*** Begin section ***

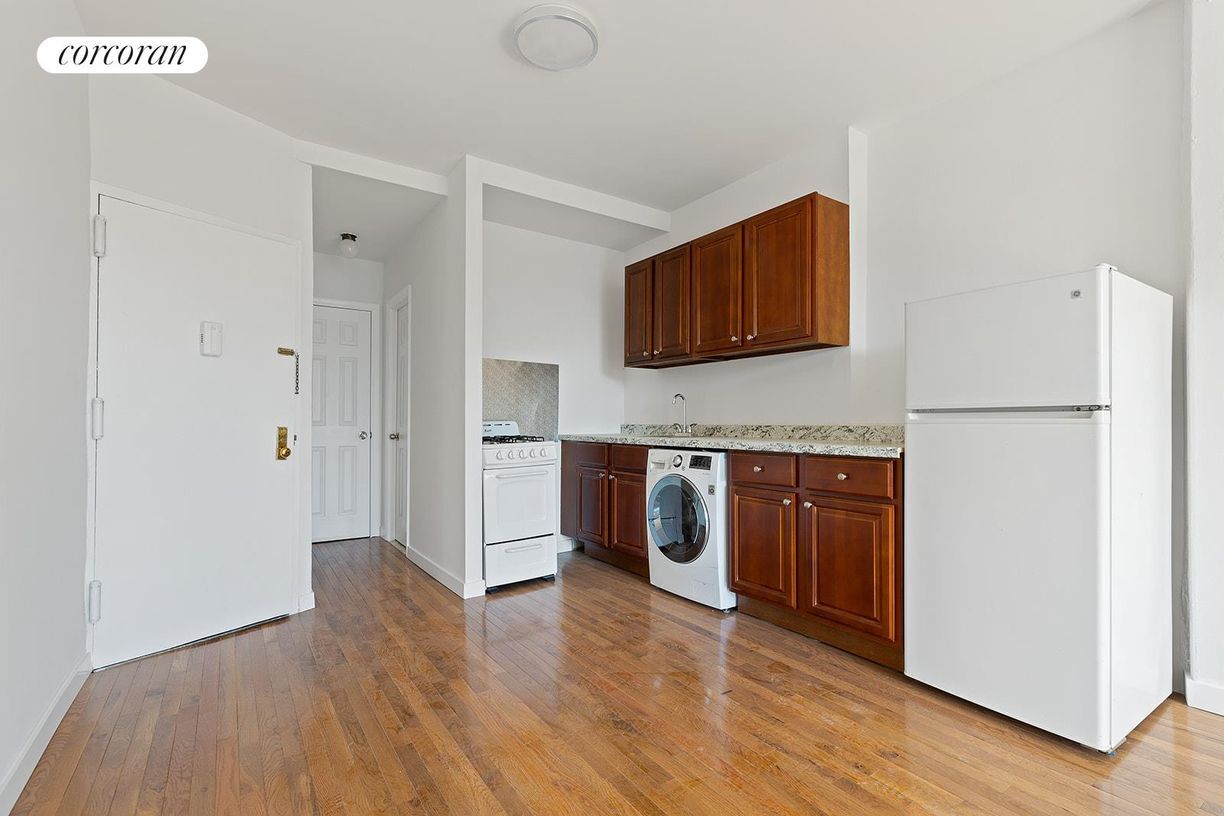 Foto principal - 323 Schermerhorn St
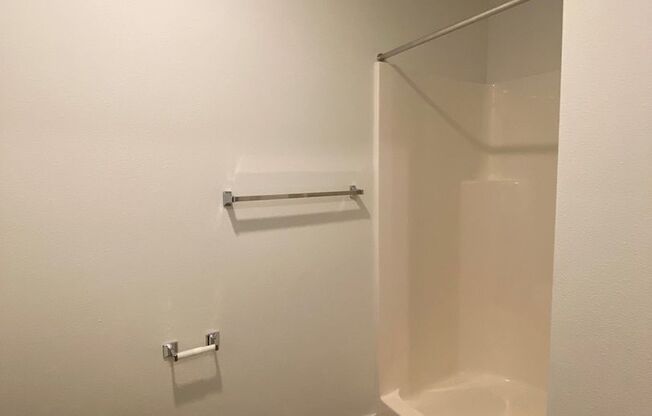 Studio, 1 bath, 175 sqft, $1,150, Unit 3211
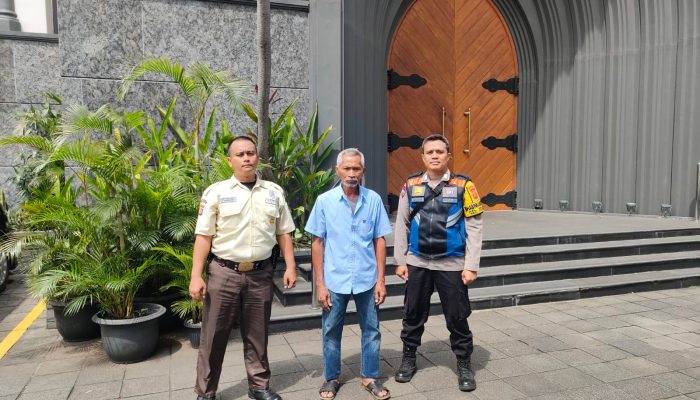 Bhabinkamtibmas Arjuna Polsek Cicendo Polrestabes Bandung Bersinergi Monitoring Giat Gereja Shalom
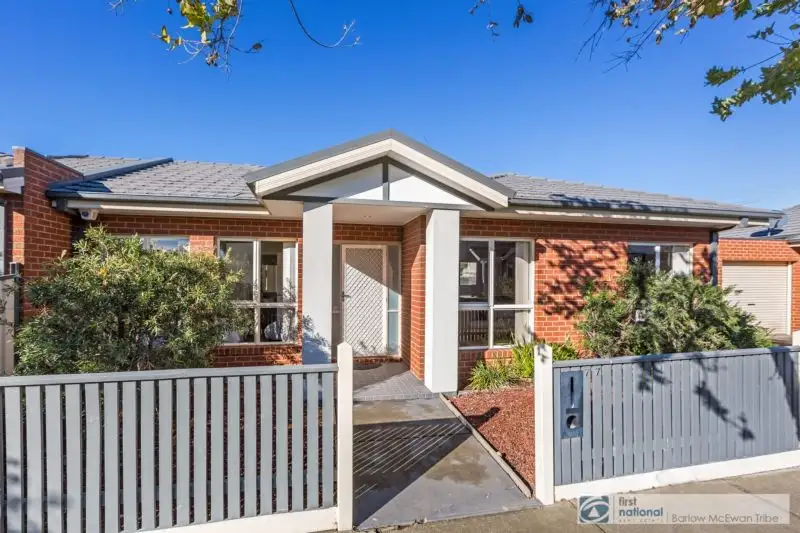 Main view of Homely unit listing, 77 Corrigan Ave, Brooklyn VIC 3012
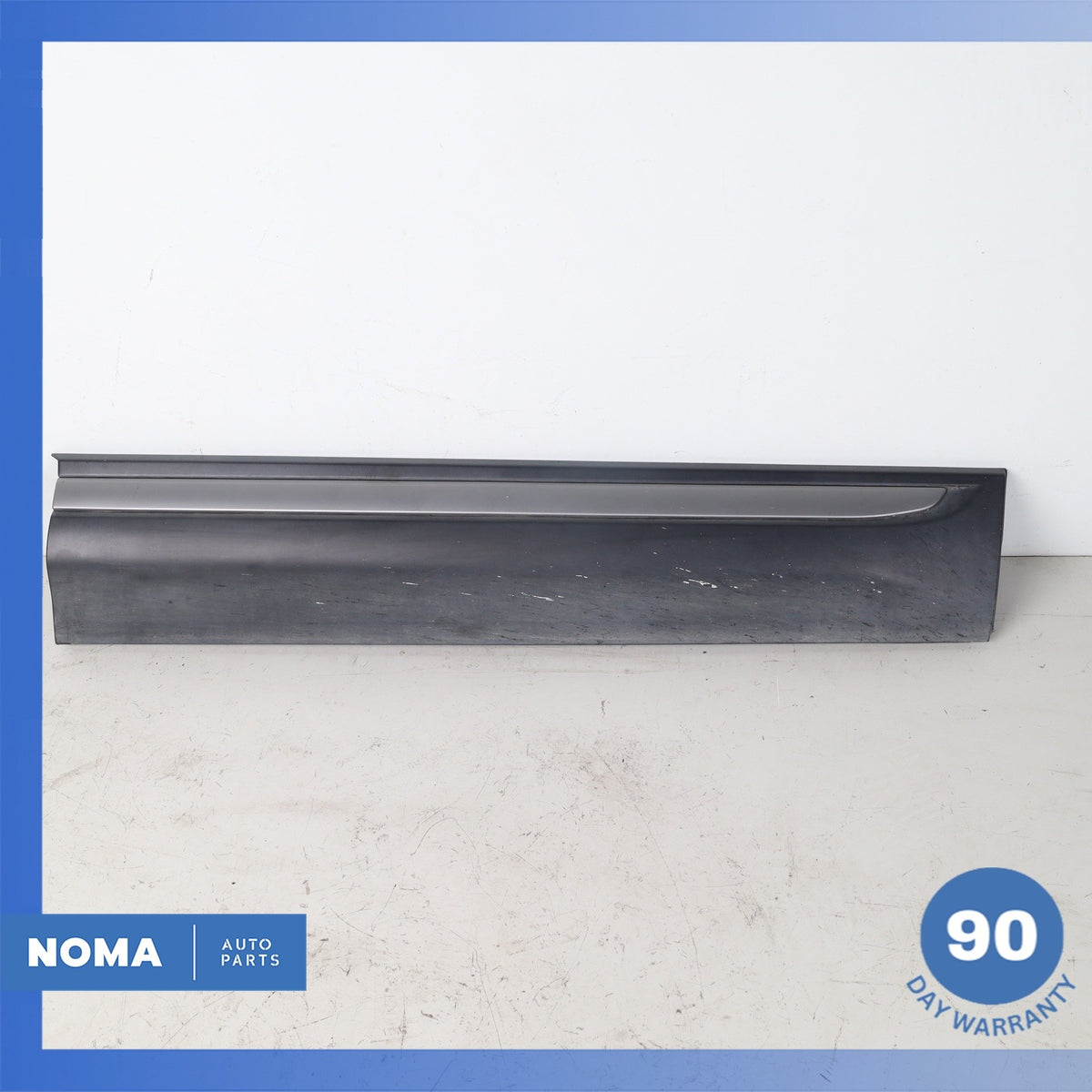 12-19 Range Rover Evoque L538 4DR Front Right Door Lower Molding OEM - photo 1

*** End section ***

> _EXERCISE INSTRUCTIONS_
Copy out all the data above exactly, minus the images.

> _YOUR RESPONSE_
 Foto principal - 323 Schermerhorn St
 Studio, 1 bath, 175 sqft, $1,150, Unit 3211
 Bhabinkamtibmas Arjuna Polsek Cicendo Polrestabes Bandung Bersinergi Monitoring Giat Gereja Shalom
 Main view of Homely unit listing, 77 Corrigan Ave, Brooklyn VIC 3012
 12-19 Range Rover Evoque L538 4DR Front Right Door Lower Molding OEM - photo 1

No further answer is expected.